An excerpt from My Grief is Not Like Yours.
In March of 2018, I took Momma to a women’s conference in Dallas. We didn’t get great seats, but we were in the middle section, halfway back in a group with about 2,300 other people. I was hoping there would be a monitor for captioning or even a person performing sign language, but there wasn’t.
I looked at Momma and moved my lips to silently say I was sorry that she couldn’t hear anything the speakers were saying. She said, “It’s OK. I’m just happy to be in the room.”
When I was about nine, and the annual piano recital was approaching. Momma was in the kitchen washing dishes and preparing for the next meal. When I needed her to listen to one of my piano pieces, knowing she couldn’t hear my fingers hit the keys didn’t matter. I just needed her there.
Looking back, I cannot imagine how tired she was, having worked with Daddy all day on the farm. I had been practicing my piano music that I was going to perform, and I asked her several times to come and listen, come be in the room. It is one of the only times that I saw and felt her frustration. It was a feeling I would never be able to understand because I took it for granted that I could hear my fingers hit the keys and she couldn’t.
I persisted in my childish ignorance. She dried her hands on the worn kitchen towel and came in the room. It was there that she would sit and pretend she could hear me play. She never said anything about my mistakes, but she did offer some of the best advice I have ever received. “Sit up and be strong. Don’t show me when you mess up. Just keep going.” This echo was familiar. My piano teacher, Mrs. Bessire, told me something very similar. “Make your mistakes loud,” she’d say as she caught my posture falling, my shoulders shrugging, or my lips pursing from a few keys that were mistakenly hit by my nervous fingers.
Having spent a lifetime in a silent world, Momma had become an expert at being. Being present. Being there. Being in the room. When I was sick and stayed home from school, she was there, sitting on the end of my twin bed, running her hands up and down my leg or lying beside me. Her presence was felt.
During the night, if I was sick or feeling bad, I could never call out for Momma. She took her hearing aid out at night, so even the smallest amount of sound she had available to her disappeared. If I felt bad, I had to call for Daddy. He would get up and help us, whether that was bringing me a glass of water, cleaning me up if I had thrown up, or just telling a story to soothe me back to sleep. Later, Momma would be upset that Daddy didn’t wake her up. She told me once that she felt she missed out on part of motherhood by not hearing us each time we might have needed her. I assured her that she only missed out on those gross parts, ha ha ha. She was there for everything beautiful, no matter how disguised it may have been.
Having thought about this so many times since, the power of that statement has never left me: “in the room.” Most of us can hear, and often we are not even in the room. We skip, dodge, and even lie to avoid being present in a moment when someone may need us the most. When was the last time you sat in a room by yourself without distraction, quietly and still?

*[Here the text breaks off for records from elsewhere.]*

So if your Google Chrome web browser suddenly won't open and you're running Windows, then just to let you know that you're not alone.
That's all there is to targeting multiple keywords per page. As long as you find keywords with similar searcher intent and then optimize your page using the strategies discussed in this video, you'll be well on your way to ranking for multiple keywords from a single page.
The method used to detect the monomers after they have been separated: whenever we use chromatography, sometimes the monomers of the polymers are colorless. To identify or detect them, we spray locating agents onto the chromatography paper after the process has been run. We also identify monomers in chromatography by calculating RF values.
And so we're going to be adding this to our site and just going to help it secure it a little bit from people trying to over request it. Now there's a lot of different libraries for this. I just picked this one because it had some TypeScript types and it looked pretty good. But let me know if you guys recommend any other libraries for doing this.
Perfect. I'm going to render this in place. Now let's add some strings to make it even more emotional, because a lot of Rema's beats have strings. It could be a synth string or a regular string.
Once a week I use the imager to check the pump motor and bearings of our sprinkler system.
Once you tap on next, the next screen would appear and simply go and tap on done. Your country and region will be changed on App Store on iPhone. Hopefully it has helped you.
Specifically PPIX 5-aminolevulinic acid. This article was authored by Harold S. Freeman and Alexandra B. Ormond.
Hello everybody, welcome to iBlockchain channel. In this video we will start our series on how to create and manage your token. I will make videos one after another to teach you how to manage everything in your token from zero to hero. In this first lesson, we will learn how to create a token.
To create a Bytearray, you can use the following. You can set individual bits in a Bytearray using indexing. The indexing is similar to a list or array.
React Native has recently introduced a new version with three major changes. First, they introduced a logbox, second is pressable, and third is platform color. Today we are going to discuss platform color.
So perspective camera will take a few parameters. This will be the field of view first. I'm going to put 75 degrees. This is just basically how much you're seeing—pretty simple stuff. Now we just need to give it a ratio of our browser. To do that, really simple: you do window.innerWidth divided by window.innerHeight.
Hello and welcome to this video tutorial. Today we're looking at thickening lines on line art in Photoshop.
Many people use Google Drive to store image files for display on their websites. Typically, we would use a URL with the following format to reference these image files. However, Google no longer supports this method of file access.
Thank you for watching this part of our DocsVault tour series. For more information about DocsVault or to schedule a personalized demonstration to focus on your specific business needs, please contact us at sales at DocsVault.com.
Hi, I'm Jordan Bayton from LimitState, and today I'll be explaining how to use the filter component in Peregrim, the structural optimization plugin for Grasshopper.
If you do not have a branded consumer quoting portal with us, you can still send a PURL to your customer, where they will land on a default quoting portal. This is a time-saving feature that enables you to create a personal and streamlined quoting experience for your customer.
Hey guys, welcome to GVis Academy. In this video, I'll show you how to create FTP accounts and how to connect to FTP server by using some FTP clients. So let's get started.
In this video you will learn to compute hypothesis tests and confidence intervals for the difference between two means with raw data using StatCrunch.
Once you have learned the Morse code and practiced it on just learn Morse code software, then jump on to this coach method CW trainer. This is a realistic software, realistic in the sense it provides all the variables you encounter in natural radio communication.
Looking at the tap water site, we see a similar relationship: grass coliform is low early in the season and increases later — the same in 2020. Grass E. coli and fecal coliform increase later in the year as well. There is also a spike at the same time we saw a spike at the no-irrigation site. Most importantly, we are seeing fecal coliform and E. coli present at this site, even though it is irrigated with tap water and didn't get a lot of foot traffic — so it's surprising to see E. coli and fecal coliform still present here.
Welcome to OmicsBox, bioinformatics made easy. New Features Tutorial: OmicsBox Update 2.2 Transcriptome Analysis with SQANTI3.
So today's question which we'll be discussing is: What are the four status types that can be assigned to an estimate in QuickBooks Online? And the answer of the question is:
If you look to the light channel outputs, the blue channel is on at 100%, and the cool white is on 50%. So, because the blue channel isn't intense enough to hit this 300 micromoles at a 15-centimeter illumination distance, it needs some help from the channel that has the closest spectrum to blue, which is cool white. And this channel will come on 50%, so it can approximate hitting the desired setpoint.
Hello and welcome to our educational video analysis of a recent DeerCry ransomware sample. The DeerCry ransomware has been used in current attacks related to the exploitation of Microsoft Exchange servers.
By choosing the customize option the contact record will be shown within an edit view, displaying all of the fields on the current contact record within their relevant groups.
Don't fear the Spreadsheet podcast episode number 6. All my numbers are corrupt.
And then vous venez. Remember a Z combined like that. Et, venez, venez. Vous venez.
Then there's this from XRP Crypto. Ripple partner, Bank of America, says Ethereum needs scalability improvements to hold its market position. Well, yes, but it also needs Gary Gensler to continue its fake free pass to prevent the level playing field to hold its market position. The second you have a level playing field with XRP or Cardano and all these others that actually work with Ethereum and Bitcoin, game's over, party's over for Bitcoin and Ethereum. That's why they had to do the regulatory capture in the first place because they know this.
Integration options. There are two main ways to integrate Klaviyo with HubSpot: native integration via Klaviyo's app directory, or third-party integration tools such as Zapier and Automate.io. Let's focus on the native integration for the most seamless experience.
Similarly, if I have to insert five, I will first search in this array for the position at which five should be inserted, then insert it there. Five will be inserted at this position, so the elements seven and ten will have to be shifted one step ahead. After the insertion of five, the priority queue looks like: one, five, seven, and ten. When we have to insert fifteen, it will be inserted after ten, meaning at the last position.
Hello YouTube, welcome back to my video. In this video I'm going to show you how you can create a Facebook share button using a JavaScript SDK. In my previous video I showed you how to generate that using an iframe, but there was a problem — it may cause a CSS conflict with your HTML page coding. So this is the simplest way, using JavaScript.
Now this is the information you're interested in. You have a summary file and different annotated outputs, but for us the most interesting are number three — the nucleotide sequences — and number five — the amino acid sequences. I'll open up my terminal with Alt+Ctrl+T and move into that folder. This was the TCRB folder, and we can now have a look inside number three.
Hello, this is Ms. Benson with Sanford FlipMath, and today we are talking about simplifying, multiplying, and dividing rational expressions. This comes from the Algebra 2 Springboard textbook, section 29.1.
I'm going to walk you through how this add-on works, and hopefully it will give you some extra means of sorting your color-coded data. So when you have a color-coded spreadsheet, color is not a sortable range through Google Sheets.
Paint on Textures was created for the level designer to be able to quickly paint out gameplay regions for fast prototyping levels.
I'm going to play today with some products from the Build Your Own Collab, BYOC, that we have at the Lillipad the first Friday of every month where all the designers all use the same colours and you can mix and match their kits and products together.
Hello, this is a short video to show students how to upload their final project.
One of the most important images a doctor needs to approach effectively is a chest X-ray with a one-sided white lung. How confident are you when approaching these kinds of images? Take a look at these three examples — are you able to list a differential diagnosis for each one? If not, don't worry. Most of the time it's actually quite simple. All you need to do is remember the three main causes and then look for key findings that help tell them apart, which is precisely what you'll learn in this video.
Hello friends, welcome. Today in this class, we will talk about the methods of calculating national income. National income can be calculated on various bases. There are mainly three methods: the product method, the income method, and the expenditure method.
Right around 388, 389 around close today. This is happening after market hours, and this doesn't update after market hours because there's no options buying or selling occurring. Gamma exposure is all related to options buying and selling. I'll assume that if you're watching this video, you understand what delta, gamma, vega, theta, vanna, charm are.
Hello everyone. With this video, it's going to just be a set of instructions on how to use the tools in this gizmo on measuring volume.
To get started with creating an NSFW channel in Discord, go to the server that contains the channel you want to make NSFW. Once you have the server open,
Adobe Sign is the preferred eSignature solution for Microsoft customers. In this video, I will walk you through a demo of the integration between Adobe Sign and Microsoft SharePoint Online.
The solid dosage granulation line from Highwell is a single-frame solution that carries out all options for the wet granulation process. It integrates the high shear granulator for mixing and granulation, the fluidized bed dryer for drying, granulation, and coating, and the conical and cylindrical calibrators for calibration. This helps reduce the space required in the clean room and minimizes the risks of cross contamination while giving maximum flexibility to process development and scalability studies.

Maybe you do this in prayer or meditation, or perhaps you never stop long enough to even try.
Momma was deaf; she couldn’t hear anything that was said, but she was present. She always was, no matter what it cost her. Never doubt the importance of being present, whether it is to help someone or just for yourself. Remember, sometimes it’s not about anything but being in the room.
The last time I was in the room with Momma, all I could do was think about all the times she had been there for me. She modeled perfection for being present, no matter when, where, or what the situation may have been. All the years of my life summarized in that short time I was with her for the last time. What was so familiar during this time was her silence. There was a peacefulness in the air. She was there. I was there. My Daddy and sister were there. We sat with her for hours. She was once again the strength in my being, the push that I needed, the love that gave me wings. She was in the room.
Whether he realized it or not, Daddy was also an expert at being in the room. Daddy’s room was larger. His presence was overpowering at times. He commanded a room, whereas Momma’s presence was a subtle sway in a soft section of space. Daddy was a powerful force felt by everyone immediately. In the pulpit he was respected and listened to. He was the leader. Momma was his cheerleader. The last time I was in the room with Daddy, he was still the wind beneath my wings. He was at peace, silent, and with Momma.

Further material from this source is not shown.